文章とイラストが読む者を浮き浮きさせる、安西水丸の紀行エッセイ集・・・【情熱的読書人間のないしょ話(3487)】
キセキレイ(写真1~3)、ムクドリ(写真4、5)、ダイサギ(写真6)、アオサギ(写真7)をカメラに収めました。ガマズミ(写真8、9)、トキワサンザシ(写真10、11)が実を付けています。隣家の女主がカキ(写真12)を一枝折ってくれました。美味でした。
閑話休題、『地球の細道』(安西水丸著、エーディーエー・エディタ・トーキョー)は、安西水丸の文章とイラストが読む者を浮き浮きさせる、国内・海外の紀行エッセイ集です。
●殺生関白秀次の残した近江八幡の輝き
無能でアブノーマルな人物とされている豊臣秀次だが、近江八幡の町造りを見る限り、実に有能だと評価しています。
●足袋の町にはかつて難攻不落の名城があった
豊臣秀吉の関東攻略戦において、落城しなかったのは、小田原城に出兵中の城主・成田氏長の妻と娘、それに3000人足らずの士卒が籠城した忍城ただ一つでした。忍城の天正年間の平面図を見ると、まるでパズルのように、広い沼に点在する微高地を巧みに結びつけて中核部としていると驚いています。
●左甚五郎の謎、左甚五郎から学ぶもの
左甚五郎の有名な、日光東照宮の「眠り猫」はさほど優れているとは思えないと辛口です。クリエーターの人気というものは上手い下手ではなく、その人物の名前とか、謎めいた部分がつくり出す得も知れないムードにあるのではないか、左甚五郎から学ぶところはそんなところだろう、何も上手いばかりが全てではないのである――と本音を漏らしています。同じことがビジネスパースンにも言えるかもしれませんね。

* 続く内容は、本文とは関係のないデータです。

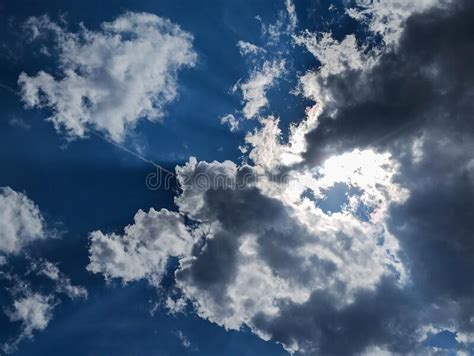 El Volar En Nubes Foto De Archivo Imagen De Suburbio 86371986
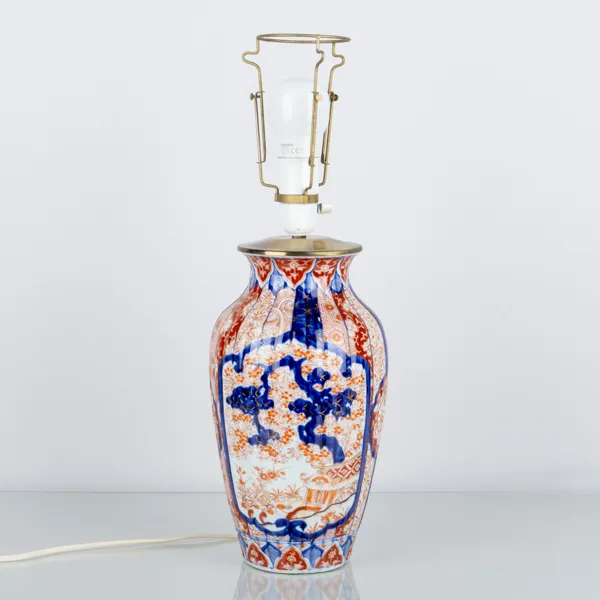 BORDSLAMPA, porslin, Imari, Japan, 1900-tal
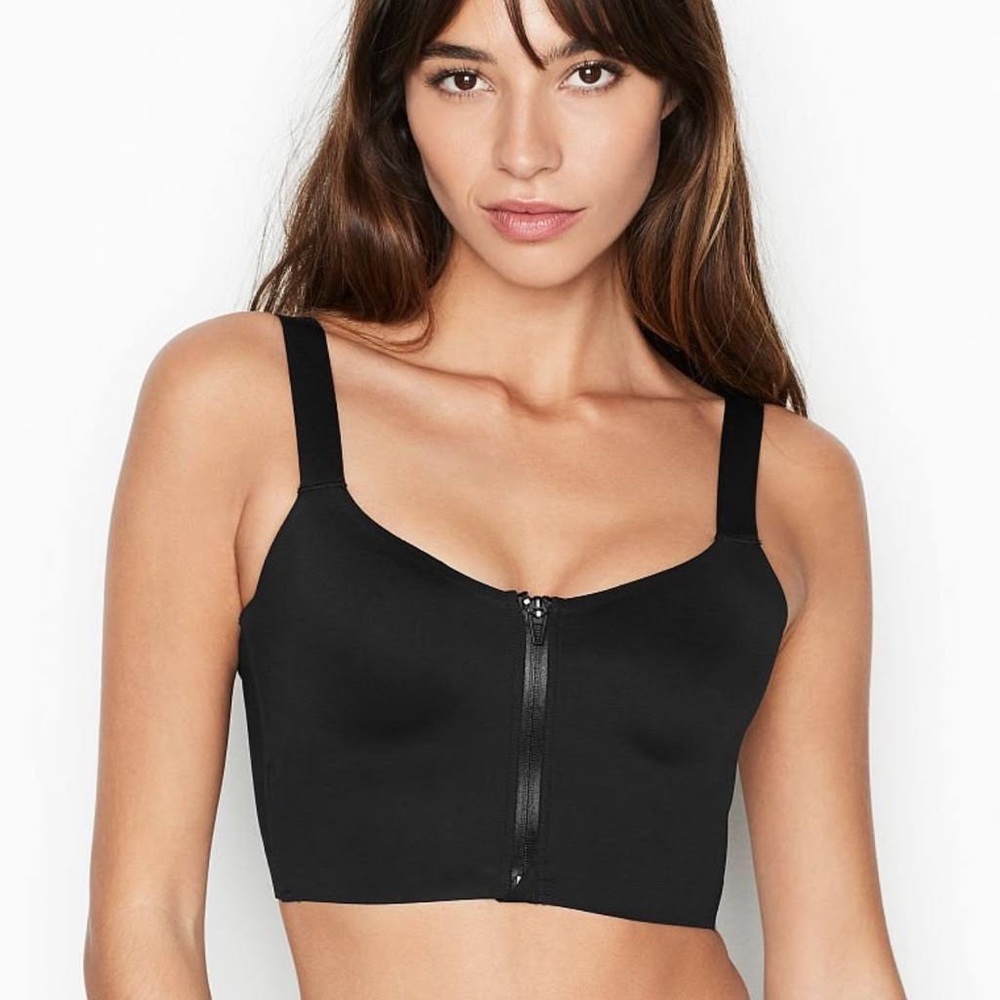 NWT- 32DDD Victoria’s Secret Medium Support Front-Close Sport Bra, Black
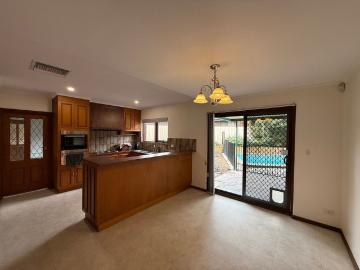 Spacious Family Residence!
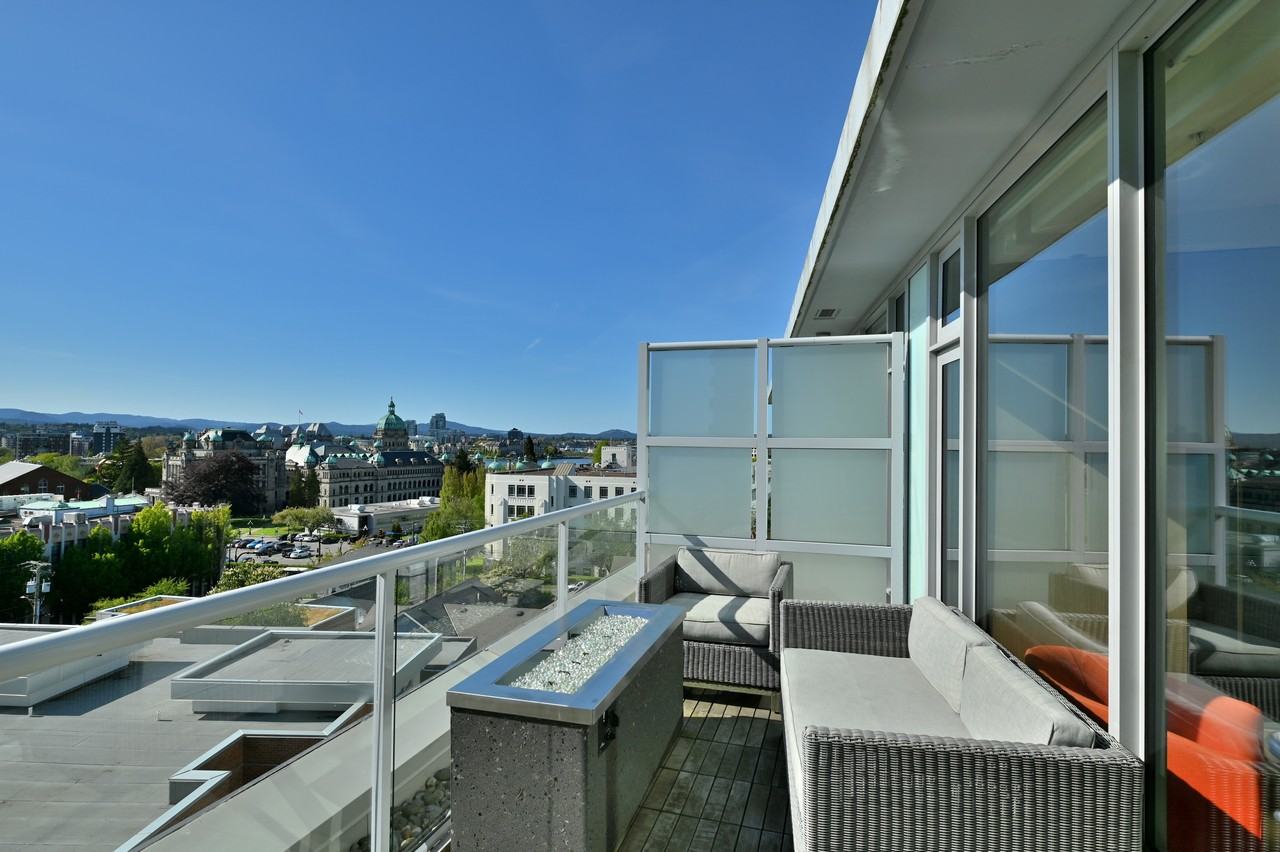 646 Michigan Street #802 - Photo 2 of 18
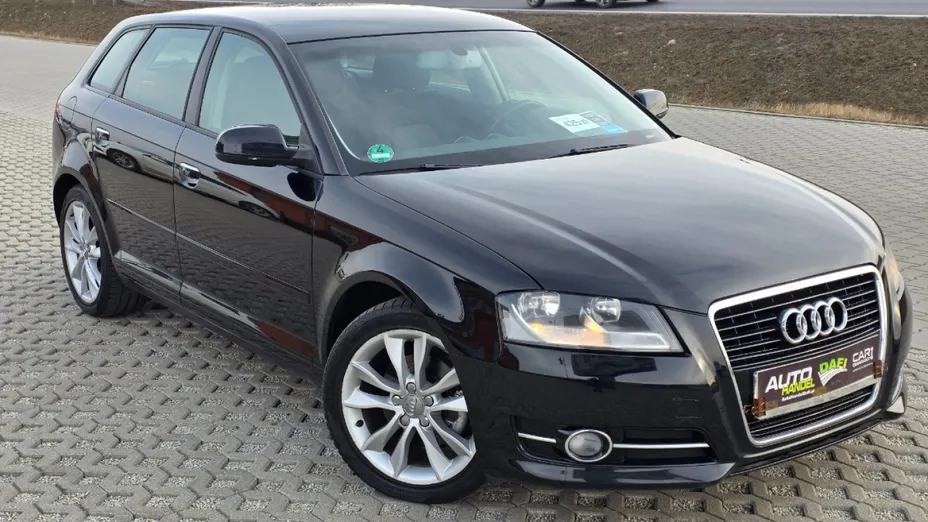 AUDI A3 Sportback -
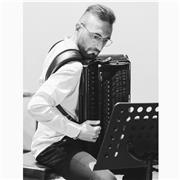 Laureato offre lezioni di fisarmonica classica e moderna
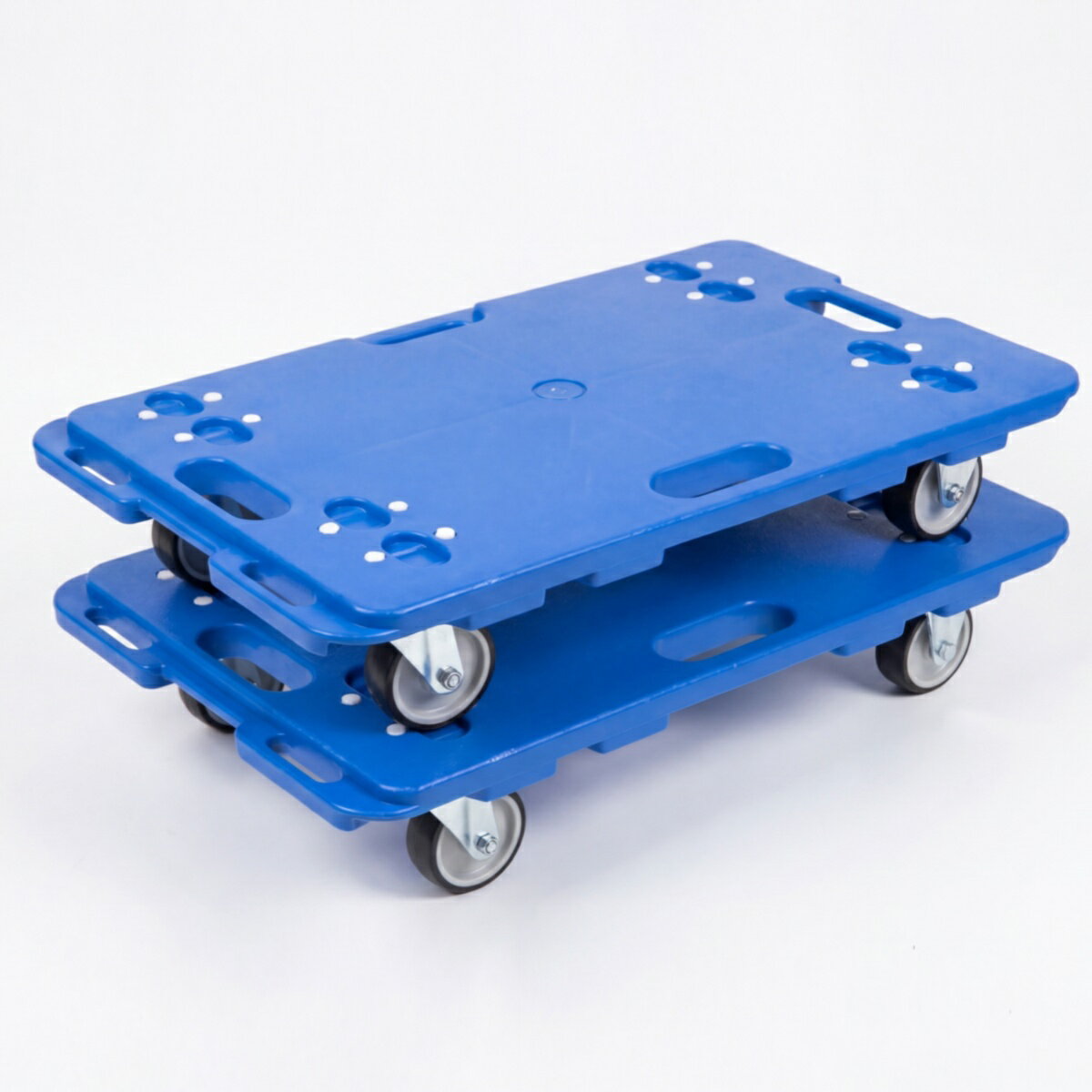 商品説明 メーカー名 Higood Leisure LLC 材質 PP+ゴム 耐荷重 100-130kg 重量 3.1kg サイズ 60x40x12.5cm 仕様 『高品質キャスター』台車は自在キャスターを採用し、360°度回転でき、狭い道でも使いやすいです。大きい荷物、または重い物を楽に運べるようになりました。直径7.5cmによってクッション性抜群です。また、安全性や利便性をより向上させるため、全キャスターにストッパー付きます。キャスターの回転と旋回を止めることができます。 『連結機能』荷物のサイズに合わせるため、縦方向または横方向から連結することで、台車のサイズを調整することができます。大きい荷物でも楽に移動できる連結平台車です。【参考サイズ】横連結：77.5x60cm　縦連結：117x40cm 『適用範囲』場所別：オフィス、自宅、工場、倉庫、マーケット　用途別：日常の掃除、荷物の運び、物品の収納など 『アフターサービス』保証期間は、お買い上げ後1年間です。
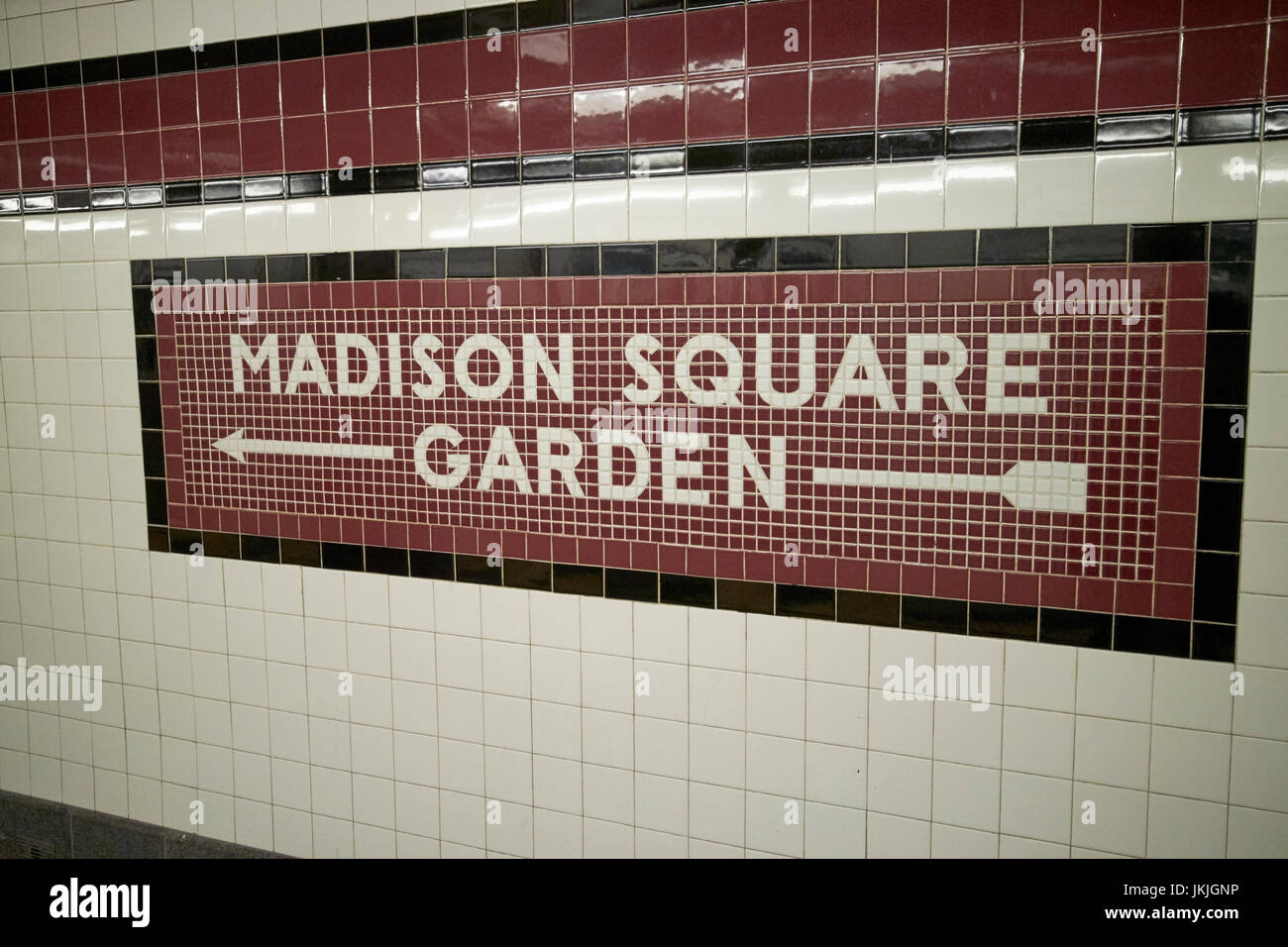 Mosaico in stile vecchia stazione della metropolitana segno per il Madison Square Garden, Penn Station New York City USA Foto Stock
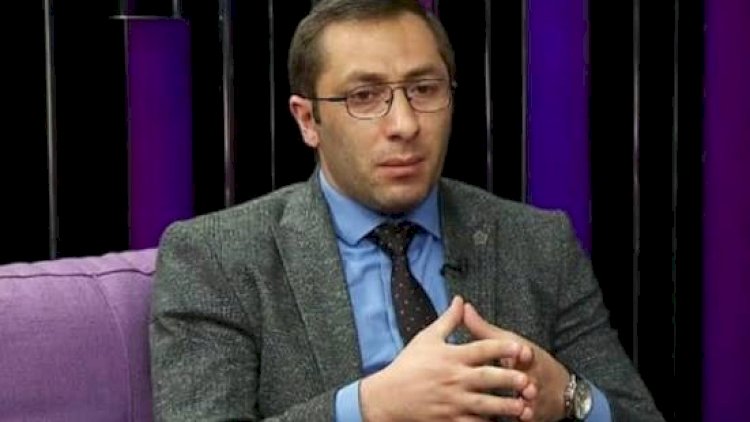    Dərsliklər niyə hər il dəyişir?   
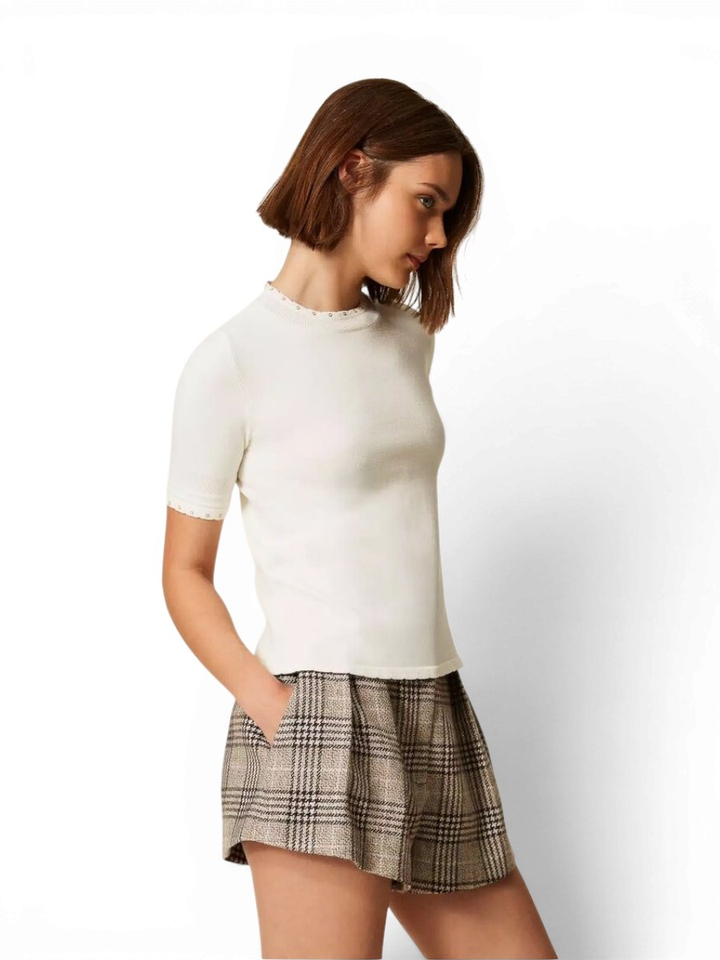 Ecrukleurige trui met geschulpte rand en studs Twinset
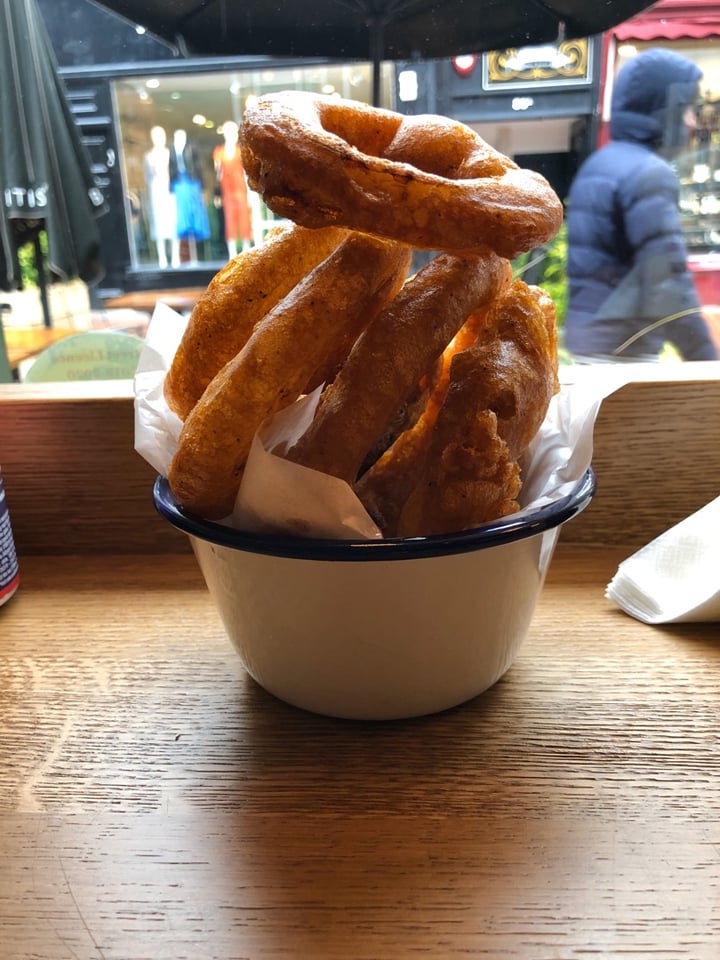 photo of Honest Burgers Brighton Plant based burger And Beer Battered Onion Rings shared by @natnars on  21 Mar 2020 - review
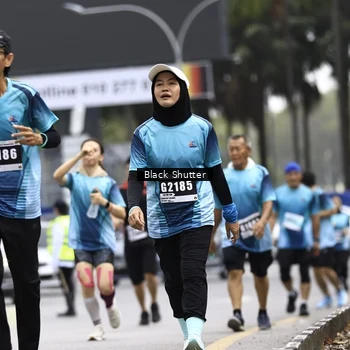 Runner Photo 8901062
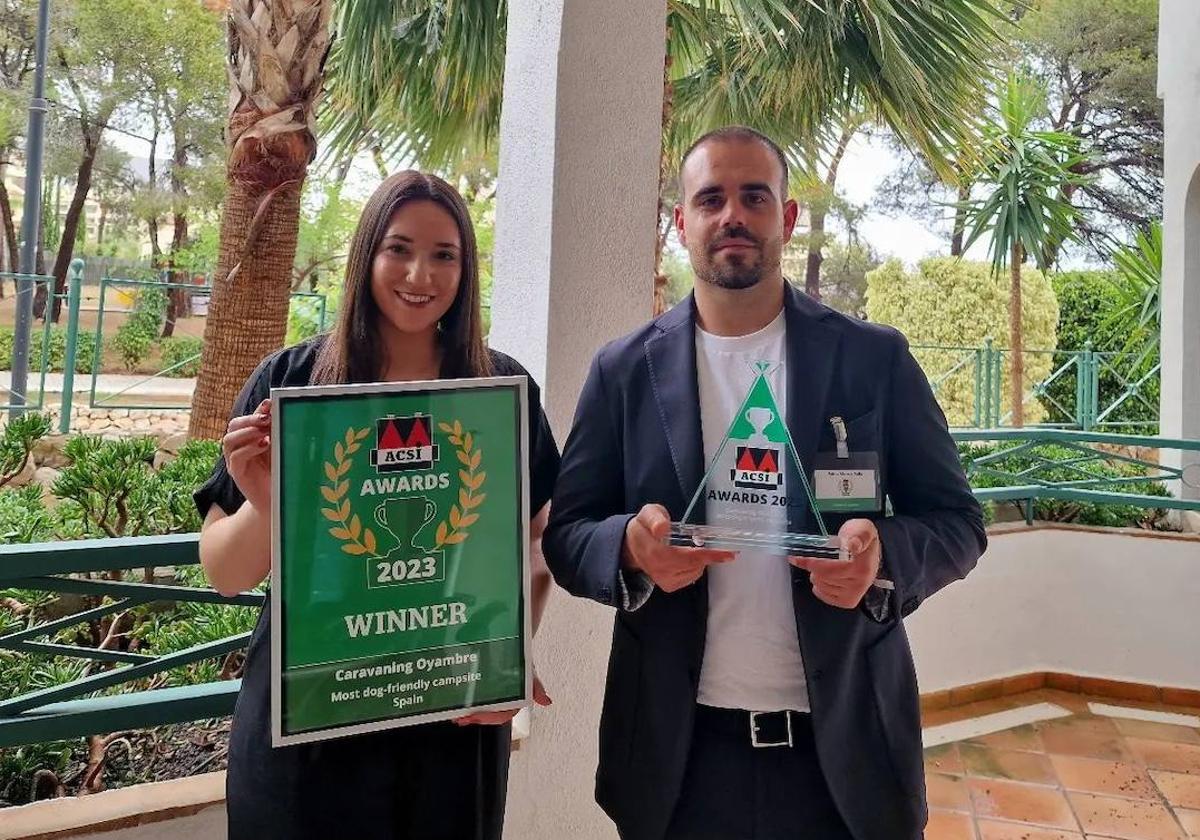 Pablo Alonso (hijo) y Garazi Puyo fueron los encargados de recoger la distinción en Altea.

●築城名人、加藤清正に両角(飯田覚兵衛、三宅角左衛門)あり
加藤清正の人気は、築城術を含む軍事一辺倒の男ではなかったところにあるというのです。治山治水にもその能力を十分に発揮し、あちこちに堤防を作り、新田の開発も行っている、つまり住民のために多大な努力をしており、農業土木のエキスパートでもあったのだ――と絶賛しています。
●はじめての中国、国際都市上海の旅
私が生まれた上海の日本人租界地域について、いろいろなことを知ることができました。余談として、私にとっては大変興味深いことが記されています。「二〇代の頃の八年間ほどを三鷹市の井の頭に住んだが、わが家の西隣に石井はなという老婦人が住んでいた。この人がゾルゲの愛人だった女性だと知ったのは井の頭に住んで三年程すぎた頃だった。なかなか厳しい女性で、ぼくの家の木の枝が石井宅にはみ出したことで注意されたことがあった。もちろんすぐに伐採した」。
●南国土佐でおもったこと
土佐の代表的な民謡「よさこい節」の歌詞にある「坊さんかんざし 買いよった」の背景には、実際に高知城下で起こった僧侶(五台山竹林寺南の坊主職・純信、37歳)の20歳年下の娘(五台山下の鋳掛屋の娘・お馬、17歳)との駆け落ち事件があるらしい、と書かれています。ご両人、なかなかやるじゃないか。
●石見銀山の間歩を歩く
徳川家康に重用され、全国金銀鉱山の総支配役となった大久保石見守長安は、死後に、生前の不正蓄財が発覚します。松本清張に『山師』という短篇小説があり、長安について見事な心理を描写していると、本書を推薦しています。早速、私の「読みたい本」リストに加えました。
安西は、文章もイラストも独特の味があって、いいなあ。